La parte a piedi, in molti programmi, è relativamente compatta; la durata complessiva della giornata dipende più dai trasferimenti e dalle tappe extra che dal canyon in sé. In alcune proposte commerciali il canyon viene indicato come visita di circa 4 ore (solo attrazione), mentre le escursioni “full day” includono spostamenti e soste e possono arrivare a una giornata intera.
Quando andare: stagione, temperatura e luce
Nel Sinai il problema non è solo il caldo “da meteo”, ma il mix tra sole diretto e riflessi sulle rocce. I periodi in genere più gestibili restano primavera e autunno, quando le ore centrali sono meno aggressive e la camminata nel canyon non diventa un forno. In estate si può fare, ma conviene scegliere partenze molto anticipate e programmi che non concentrino tutto a mezzogiorno. In inverno, invece, la temperatura può scendere rapidamente quando il sole gira e il vento entra nel canyon.

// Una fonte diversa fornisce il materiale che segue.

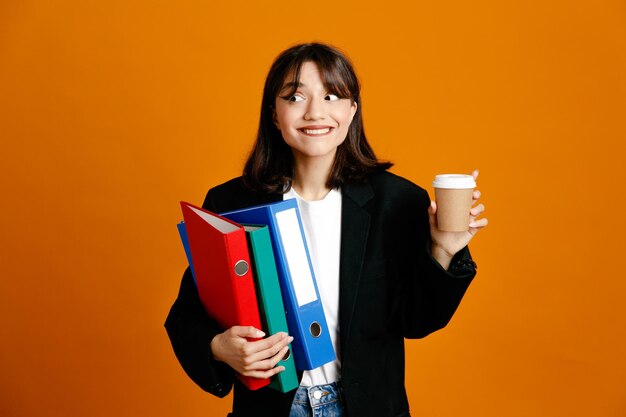 オレンジ色の背景で隔離の黒いジャケットを着ているコーヒーカップの若い美しい女性と緊密な保持フォルダー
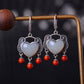 Silver inlaid Hetian jade heart-shaped earrings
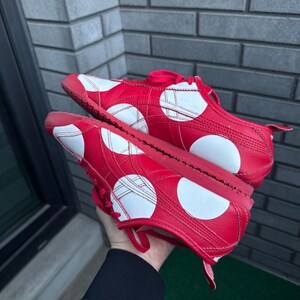Puede incluir: Un par de zapatillas rojas con dise&ntilde;os circulares y geom&eacute;tricos blancos. Los zapatos tienen cordones y suelas rojas. Las zapatillas se sostienen contra una pared de ladrillos grises.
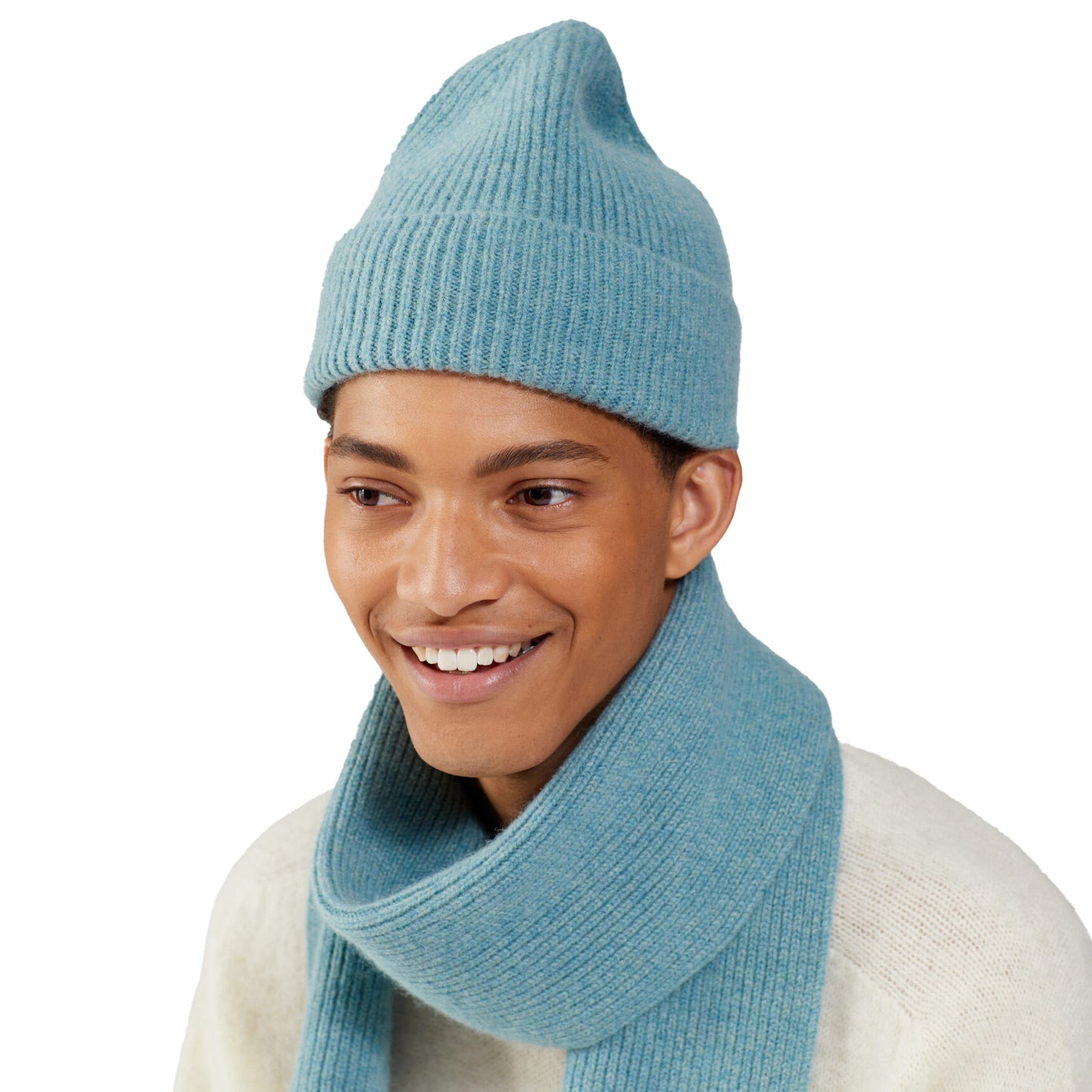 A person wearing a cozy blue Le Bonnet beanie and matching scarf is smiling warmly, set against a crisp white background.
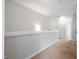 Second-floor hallway with neutral paint and carpet, showing access to additional rooms at 6233 Pesta Ct, Raleigh, NC 27612
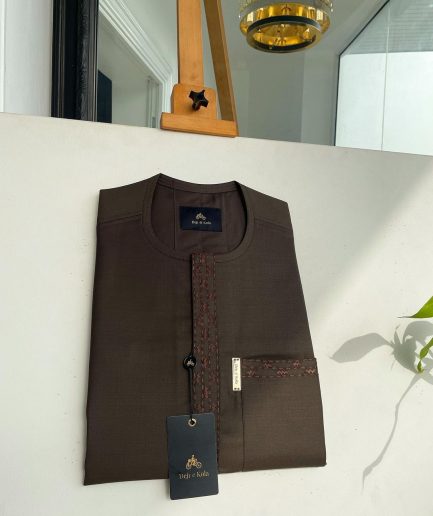A Umber brown, rectangle lanes and dotted front flap and pocket embroidery detailing African traditional senator kaftan native.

Un criterio semplice: se puoi scegliere, preferisci l’ingresso nel canyon al mattino. La luce radente evidenzia meglio le stratificazioni e, soprattutto, cammini con più comfort.
Cosa mettere in valigia per il Canyon Colorato
- Scarpe chiuse: trekking leggero o scarpa da trail. Evita sandali e suole lisce.

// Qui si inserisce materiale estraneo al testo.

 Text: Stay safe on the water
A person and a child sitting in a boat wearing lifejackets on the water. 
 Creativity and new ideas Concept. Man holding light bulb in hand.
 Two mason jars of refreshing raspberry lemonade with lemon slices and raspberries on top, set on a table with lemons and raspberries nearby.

- Acqua: almeno 1,5 litri a persona (di più con caldo o se abbini altre tappe).
- Protezione solare: crema, cappello, occhiali. Nel canyon l’ombra inganna, ma il sole “rimbalza”.

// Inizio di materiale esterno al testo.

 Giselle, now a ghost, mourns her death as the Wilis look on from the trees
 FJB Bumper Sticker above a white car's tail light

- Strato leggero: una camicia a maniche lunghe traspirante o un guscio leggero in inverno/vento.
- Documento: spesso richiesto per i controlli e per le liste dei partecipanti (meglio averlo sempre con sé).
Consigli pratici
Chiedi sempre cosa è incluso prima di prenotare: alcune escursioni distinguono tra opzioni con ingressi inclusi e opzioni senza, e lo stesso vale per eventuali tappe mare (attrezzatura snorkeling, noleggi, ecc.).
Gestisci il ritmo: nel canyon i passaggi stretti creano “collo di bottiglia”. Se sei in un gruppo numeroso, resta vicino alla guida e non partire troppo forte: recuperare posizione dopo è difficile.
Se soffri il mal d’auto, valuta un anti-nausea leggero e siediti centrale: gli ultimi tratti possono essere sconnessi e, dopo due ore di strada, si sente.
Errori da non fare
Arrivare con calzature sbagliate: nel Sinai una distorsione non è un dettaglio, perché spesso sei lontano da punti di assistenza rapidi.
Sottovalutare il sole: anche se cammini tra pareti e ombre, la radiazione è costante. Protezione e acqua non sono optional.
Dare per scontato che sia “quel” canyon: prima di pagare, chiedi il nome completo dell’itinerario (es. Salama Coloured Canyon, Nuweiba/Taba, ecc.) e le tappe. È il modo più semplice per evitare aspettative sbagliate.
Dove dormire per visitare il Canyon Colorato: Sharm o Dahab
Sharm el Sheikh è comoda se vuoi un resort con servizi, trasferimenti facili e tante alternative di escursioni “pronte” (anche se, per il canyon, la giornata resta lunga per via della strada). Dahab è più pratica se vuoi ridurre i tempi di trasferimento e muoverti con più flessibilità tra deserto e mare.
Vedi le migliori soluzioni dove dormire a Sharm el Sheikh Vedi le migliori soluzioni dove dormire a Dahab
Se incastri bene l’orario e parti con l’attrezzatura giusta, il Canyon Colorato è una giornata asciutta, essenziale, con pochi fronzoli e tanta roccia da leggere come una mappa. La scelta vera è solo una: farlo come “tappa” da Sharm, oppure dargli spazio con una base più vicina.